Pessoalmente, estou cansado de tanto pessimismo. É um convite disfarçado à inação, à aceitação da repetição. Que tal o exercício oposto? Imagine, por um instante, que voltamos ao início do século 20.
Quem poderia pensar, naquele momento, que este seria o século de Einstein e Eisenstein, de "Luzes da Cidade" de Chaplin e do jazz de Miles Davis? Dos existencialistas, dos cubistas e dos construtivistas; da Revolução Russa, do Che e de Mao; do neo-realismo, da nouvelle vague e do cinema novo; de Gershwin, dos Beatles e de Antônio Carlos Jobim. E de Duchamp e Cage, que tudo desconstruíram para que tudo pudesse ser reinventado.
1º de janeiro de 2000. Pode-se entrever, pelo menos na área cultural, razões para algum otimismo. Indícios de que é possível inventar aqui uma arte autônoma a partir de quase nada, concretizando uma forma de expressão eminentemente brasileira e, por isso mesmo, universal.
Duas exposições de artistas plásticos brasileiros me transmitiram recentemente essa impressão.

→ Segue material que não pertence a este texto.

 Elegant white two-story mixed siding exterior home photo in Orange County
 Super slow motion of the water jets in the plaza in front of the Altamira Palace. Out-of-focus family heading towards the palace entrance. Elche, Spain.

A primeira é a retrospectiva de Cildo Meireles no "Novo Museu de Arte Contemporânea", em Nova York.
Entrei na exposição de Meireles depois de percorrer dezenas de novas galerias de Chelsea, área onde são exibidos trabalhos de jovens artistas americanos e europeus -quase sempre obras intituladas... "sem título".
A retrospectiva de Cildo Meireles é uma ilha de invenção e sensibilidade em meio aos malabarismos estéticos que estão na ordem do dia.
Como nos haiku japoneses, tudo em Meireles é síntese e condensação, numa prova de que simplicidade e densidade não são mutuamente excludentes. As instalações mexem com camadas diversas da percepção -o olhar, o tato, o gosto. Os conceitos tradicionais de tempo e espaço, a própria organização do mundo segundo os princípios euclidianos são questionados.
Faz anos que não me sensibilizo tanto numa exposição. Há, nessa retrospectiva de Cildo Mereiles, um convite generoso à participação. E nenhum sarcasmo. Por isso mesmo, o espectador se sente parte de uma experiência única e reveladora.
Uma outra exposição de uma artista brasileira em um importante museu estrangeiro, dessa vez a de Ana Maria Pacheco na National Gallery de Londres, mostra que vai até o próximo dia 9, acaba confirmando a sensação de que, muitas vezes, temos mais a dizer do que as vozes que vêm de países ditos "desenvolvidos".
A exposição de Pacheco engloba um trabalho magistral de escultura e várias pinturas a óleo. A experiência para o visitante é novamente perturbadora. Reconhece-se a herança do Aleijadinho e referências à história recente do Brasil.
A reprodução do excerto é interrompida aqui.